はがき随筆・鹿児島

はがき随筆ブログにようこそ!毎日新聞西部本社の各地方版に毎朝掲載される
「はがき随筆」は252文字のミニエッセイです。

公費の使い方

2013-06-03 20:57:27 | ペン&ぺん

 県は利用者減が続く定期航空路、上海(中国)─鹿児島線の利用促進を図ろうと、県職員1000人を上海に派遣する経費1億1800万円を今年度一般会計補正予算案に計上した。3泊4日の日程で、50人のグループを20回に分け、上海のインフラ整備や教育、文化施設などを視察し、国際感覚を養ってもらうことなとが狙いという。食事代やパスポート申請費も、県が負担する。
 上海─鹿児島線の誕生の経緯や一度なくなった定期航空路の復活が厳しいこと、人的、物的交流や観光など経済面への影響─と理解できないわけではない。ただ、これらは公費。識者からも厳しい指摘があった。利用が少ない路線を公費で支援する必要があるのか。研修が終われば、再び利用者数は減るが、どうするのか。一時しのぎではないのか? このご時世に納税者(県民)の理解は得られるのかと。
 新聞の読者が減り、広告収入も今ひとつ。経費カットや人員削減にうめき、仕事をしている私にはうらやましい限り。民間なら「自分のお金でおやりなさい」で片付く。利用率が低いのは需要が少ないから。
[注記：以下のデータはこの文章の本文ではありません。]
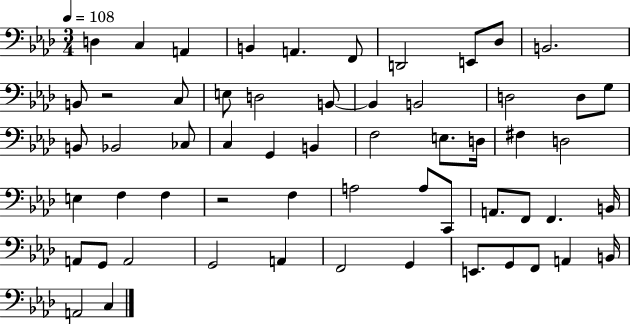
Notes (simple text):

D3/q C3/q A2/q B2/q A2/q. F2/e D2/h E2/e Db3/e B2/h. B2/e R/h C3/e E3/e D3/h B2/e B2/q B2/h D3/h D3/e G3/e B2/e Bb2/h CES3/e C3/q G2/q B2/q F3/h E3/e. D3/s F#3/q D3/h E3/q F3/q F3/q R/h F3/q A3/h A3/e C2/e A2/e. F2/e F2/q. B2/s A2/e G2/e A2/h G2/h A2/q F2/h G2/q E2/e. G2/e F2/e A2/q B2/s A2/h C3/q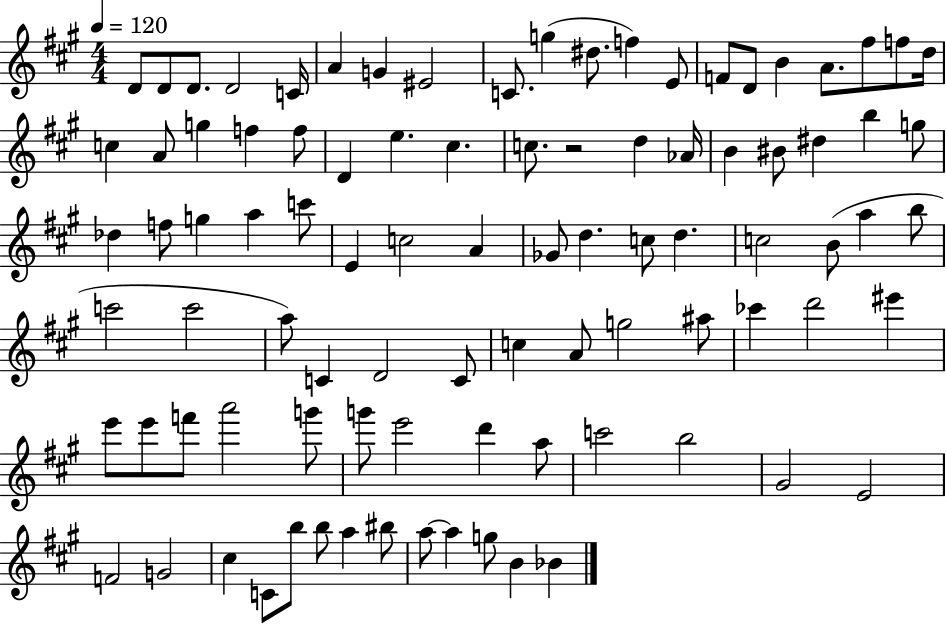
D4/e D4/e D4/e. D4/h C4/s A4/q G4/q EIS4/h C4/e. G5/q D#5/e. F5/q E4/e F4/e D4/e B4/q A4/e. F#5/e F5/e D5/s C5/q A4/e G5/q F5/q F5/e D4/q E5/q. C#5/q. C5/e. R/h D5/q Ab4/s B4/q BIS4/e D#5/q B5/q G5/e Db5/q F5/e G5/q A5/q C6/e E4/q C5/h A4/q Gb4/e D5/q. C5/e D5/q. C5/h B4/e A5/q B5/e C6/h C6/h A5/e C4/q D4/h C4/e C5/q A4/e G5/h A#5/e CES6/q D6/h EIS6/q E6/e E6/e F6/e A6/h G6/e G6/e E6/h D6/q A5/e C6/h B5/h G#4/h E4/h F4/h G4/h C#5/q C4/e B5/e B5/e A5/q BIS5/e A5/e A5/q G5/e B4/q Bb4/q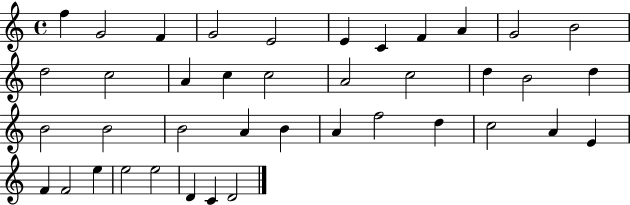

仮に、新聞の読者離れの理由が「読む魅力がないから」としても、誰も「言論機関を守れ」と言って、公費で支援などはしない。
 全国市民オンブズマン連絡会議の児嶋研二代表幹事は「1億円もあれば、どれだけ多くの県民にサービスができるだろう。極めて時代錯誤と言わざるを得ない」と厳しい。さて県議会はどんな議論をするのだろうか。地元紙も全国紙も大きく紙面を割き、上海研修を読者に伝えた。「え~、なぜ」「おかしい」と反発する県民も多いはず。民主党政権時、事業仕分けで税金、公金の使い方が注目されたが、納得できれば、誰も疑問など呈しない。経費の財源となる納税者の皆さんは、どう思いますか。